Si en este país hubiera politólogos dignos de tal nombre -no mercachifles dedicados a la pedante elucubración- se estaría ya trabajando en un modelo que explicara hasta qué punto el elector va a ser capaz de distribuir sus decisiones en la conciencia de que por sus manos van a pasar al menos cinco papeletas en un periodo de apenas cuatro semanas. El ejemplo clásico que define la inteligencia distributiva del votante es lo que tradicionalmente pasaba en Cataluña, cuando el PSC ganaba las generales y los de CiU las autonómicas. Las mismas personas optan por unos o por otros según se percibe el ámbito de la representación, la encomienda que se otorga. Es común en la práctica política tratar al elector como masa informe, alelados que se rigen por razonamientos primarios.

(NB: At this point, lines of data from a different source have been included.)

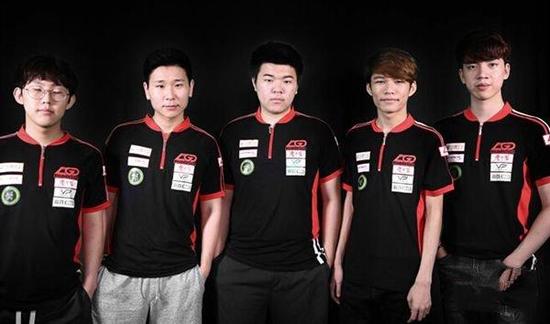 火爆德比，费内巴切vs加拉塔萨雷赛前双方球员就开始发生冲突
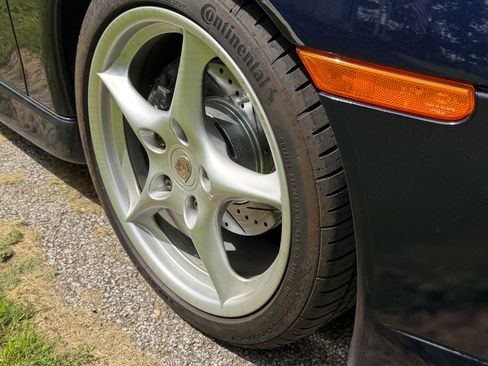 Used 1999 Porsche Boxster RWD image 17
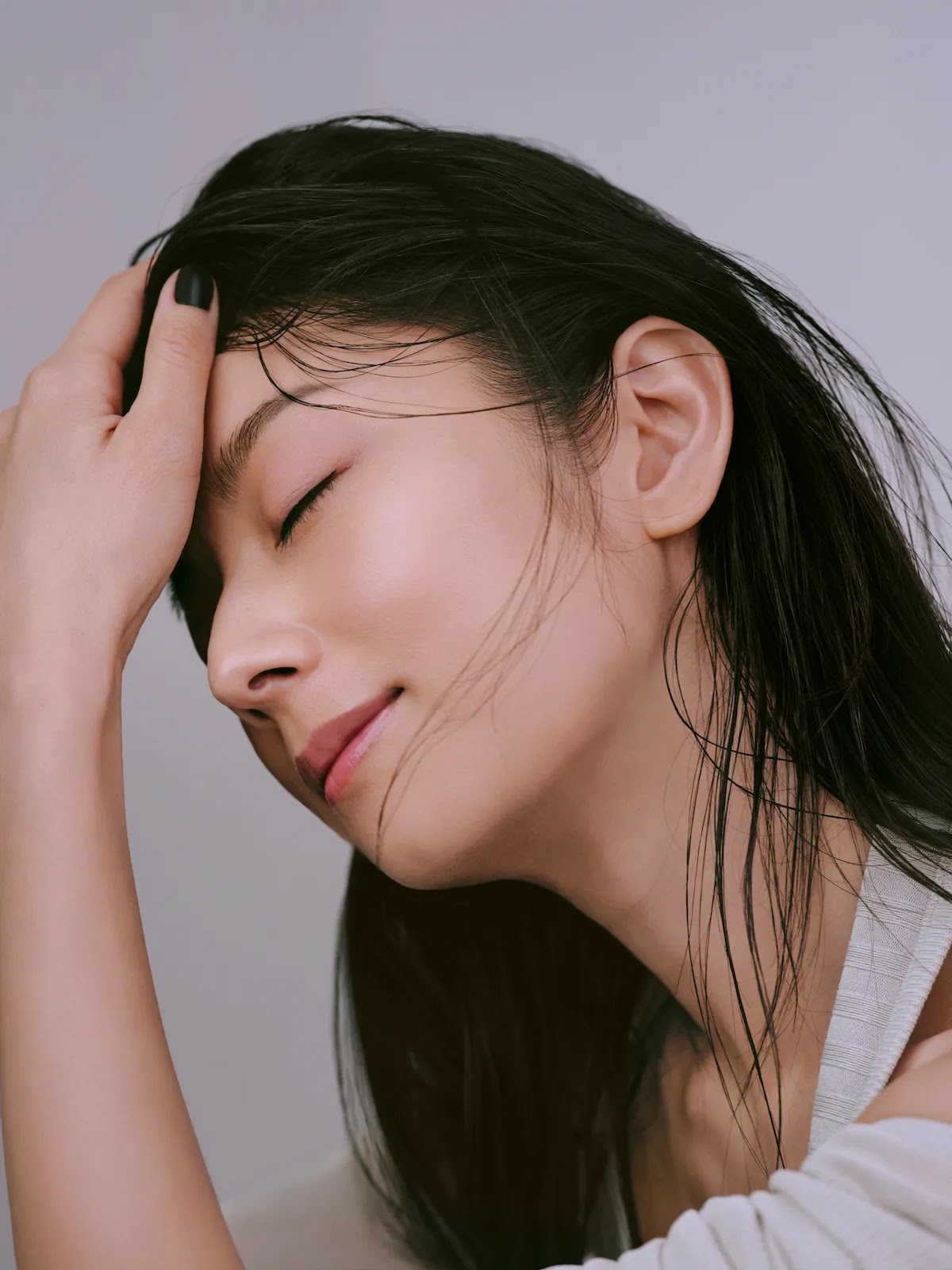 VOGUE JAPAN 2022.08 FEATURES 小池栄子が考える愛、その姿。 : グラビア週刊誌 5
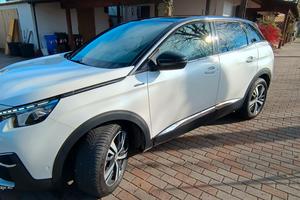 Peugeot 3008 GT line con gancio traino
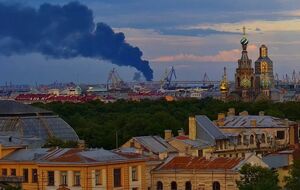 Форум у вогні. Як українські дрони накрили Пітер перед промовою Путіна. Головне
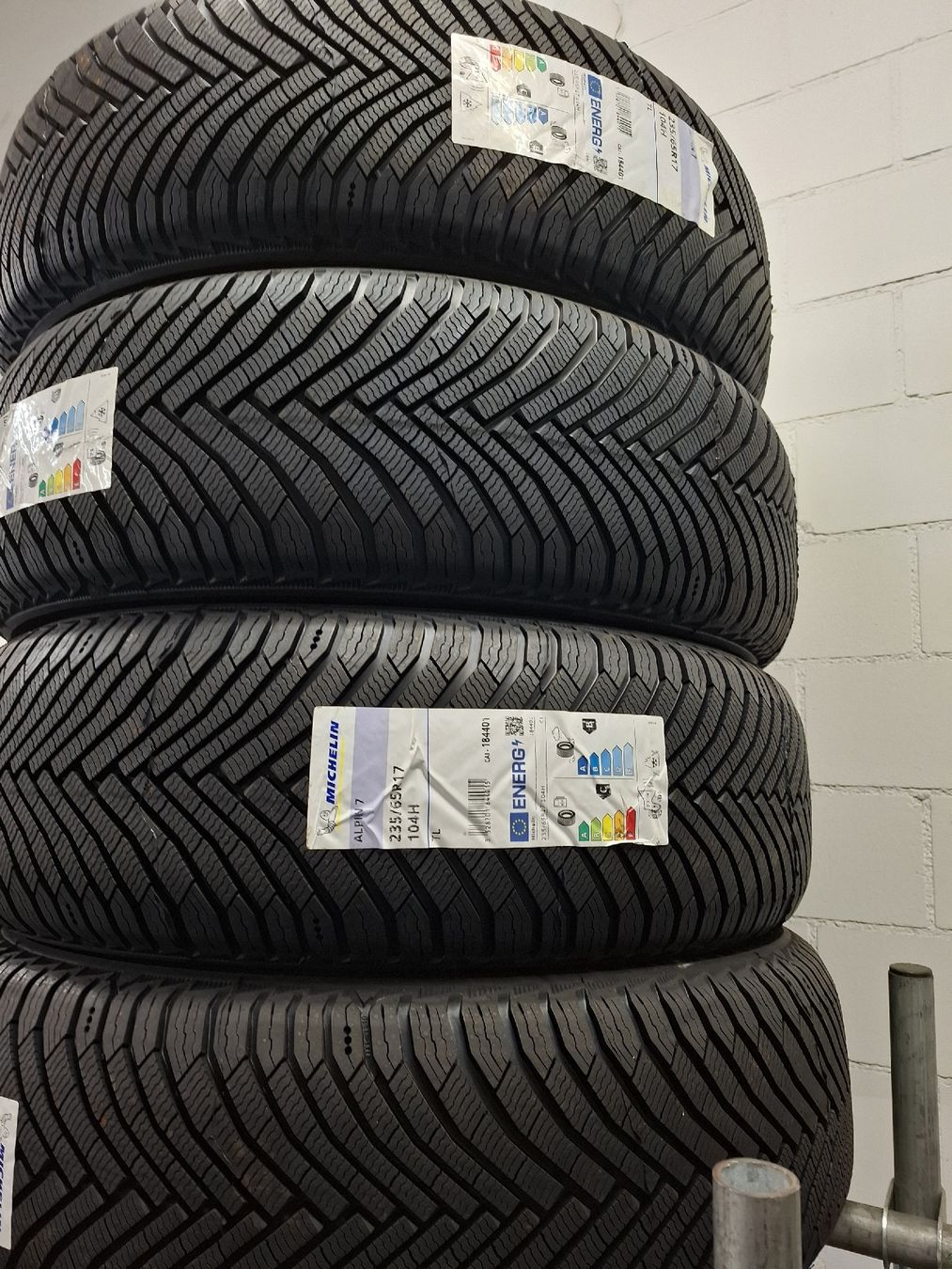 Pneumatici & Ruote complete: 4x Michelin Alpin 235 65 17 – Nuovo e nell'imballaggio originale da Morgarten venduto da rad24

Así es como se despachan tópicos y se construye cualquier campaña. La realidad es bien diferente, y probablemente eso es lo que vayamos a constatar en los próximos meses cuando tabulemos resultados disímiles entre los comicios de abril y los de mayo. Muy probablemente el elector emplee, de manera más o menos consciente, mecanismos de compensación o de selectividad antes que otorgar todo el beneplácito, reiteradamente, a la misma marca. Además, un minuto después de celebradas las generales las combinaciones que permitan gobernar ofrecerán ya una determinada lectura, y eso hará que el sistema de contrapesos resulte más obvio para muchos. Puede que al derrotado en primera instancia comicios se le redima en segunda, o que la gestión de los resultados nacionales condenen o exalten a cualquiera de los partidos en sus delegaciones locales. La constitución del Congreso y la elección de su Mesa y Presidente tendrá lugar la última semana de la segunda campaña electoral, momento ineludible para la formalización de algún tipo de pacto. Con toda probabilidad el Gobierno de España no quedará definido hasta tener una idea de lo que finalmente pase en comunidades y ayuntamientos. Labor de psicólogos, pues, la de escrutar hasta qué punto el elector soberano va a administrar con perspicacia sus opciones, y cómo va a elaborar sus íntimas estrategias para premiar o castigar según convenga.